One morning I got on a tube train going to Swiss Cottage when I noticed a couple sitting opposite. The man had a moustache and a walking stick which he waved about to get my attention. As I looked up I realised we were the only passengers in the carriage, and as I smiled politely at them I realised it was the film star John Hurt. For the next few minutes, he spoke to me in a very ostentatious manner, and it soon became clear he was drunk. The woman he was with seemed to play along, and then at the next stop, they both staggered off.
OK, it was a bit of a thing to have encountered him, but I knew I hadn’t met who he really was at all, and what he showed me was just an image he’d wanted to project. And because of that, there was no true connection between us except that which could be gathered between the lines.
* * *
2023 – JM
The other night I’d thought about someone I knew 24 years ago. I typed in their name on Google and saw straight away that he’d died last year. In one of the obituaries, his sister said that when she last spoke to him he said he was living in a caravan behind a pub in the Essex countryside and was cold and lonely. Soon after this call he took his husky dog out for a walk and died of a heart attack, aged 82.

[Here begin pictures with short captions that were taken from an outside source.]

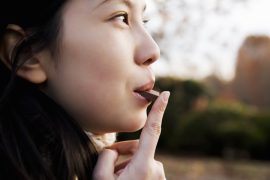 Woman eating a bar of chocolate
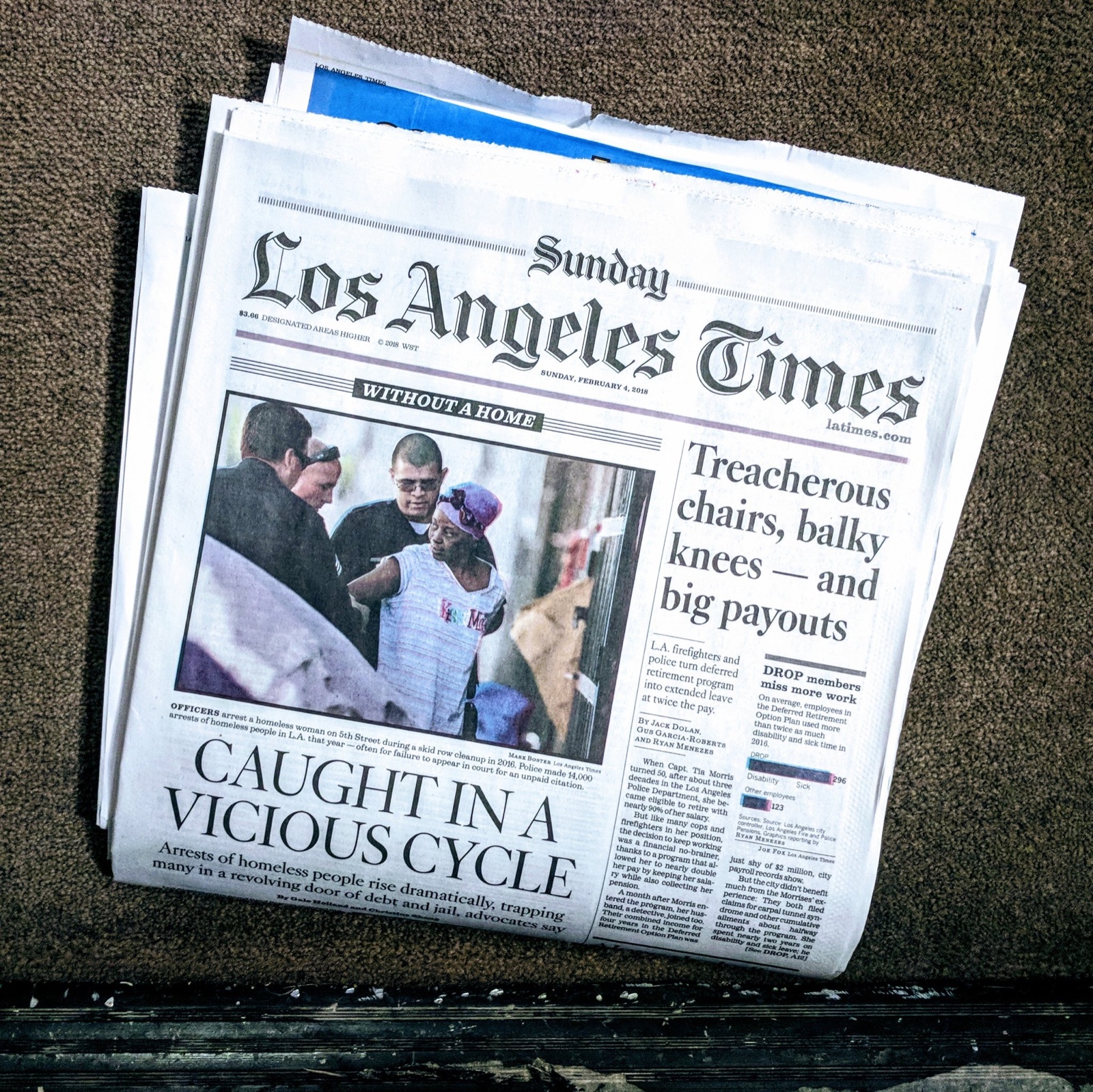 Sunday edition of the Los Angeles Times lying on a doorstep, with two Data Desk investigations above the fold.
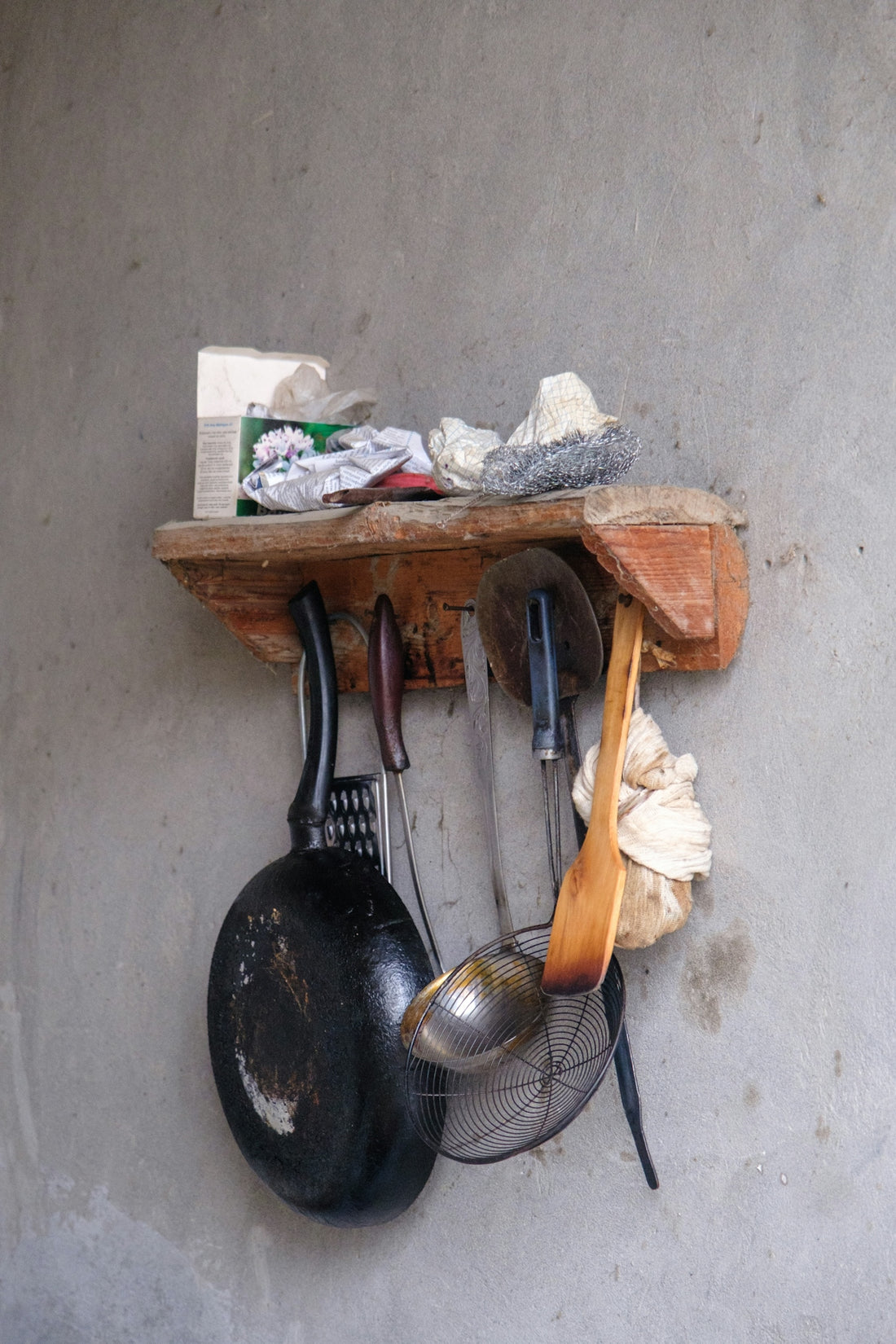 Various kitchen tools hanging from a rustic wooden shelf.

When I first met him he’d come to my flat in Fulham to look at a computer I was selling. As I answered the door I thought I recognised him, but it was only when he was sitting on my bed checking out the computer that I asked, “Are you John McVicar?”
“Yes,” he said, “is that a problem?”
“No, I just thought I recognised you.”
Soon after he left I called my friend Lee and told him what had just happened as I knew he was into famous gangsters of the 50s and 60s and John McVicar had been one of them. However, unlike most of them, he’d reformed and become a well-known writer. Lee was very interested to know what he was like, but it wasn’t until sometime later that I’d get more of a sense of him. As things turned out, John decided it best I build him a bespoke computer so arranged a further meeting and over the next year or so I’d either pop around to his place to help with IT issues or get invited to some of his publishing company events at the Bulgarian Embassy.
John lived on the south side of Battersea Park in a flat which was dark, full of paperwork and functionality. He also had a dog back then which was very friendly and would always want to play with me, which annoyed John because he wanted me to focus on the job at hand, but then as I was making the dog happy, I got away with it. Sometimes when I went there we’d chat a lot, but occasionally as John talked he’d fart mid-sentence while not showing any sign that anything had happened. So, thinking I was being tested, I followed suit and didn’t react either, still, I couldn’t help but think he was looking for the slightest muscle movement in my face to betray my aloofness.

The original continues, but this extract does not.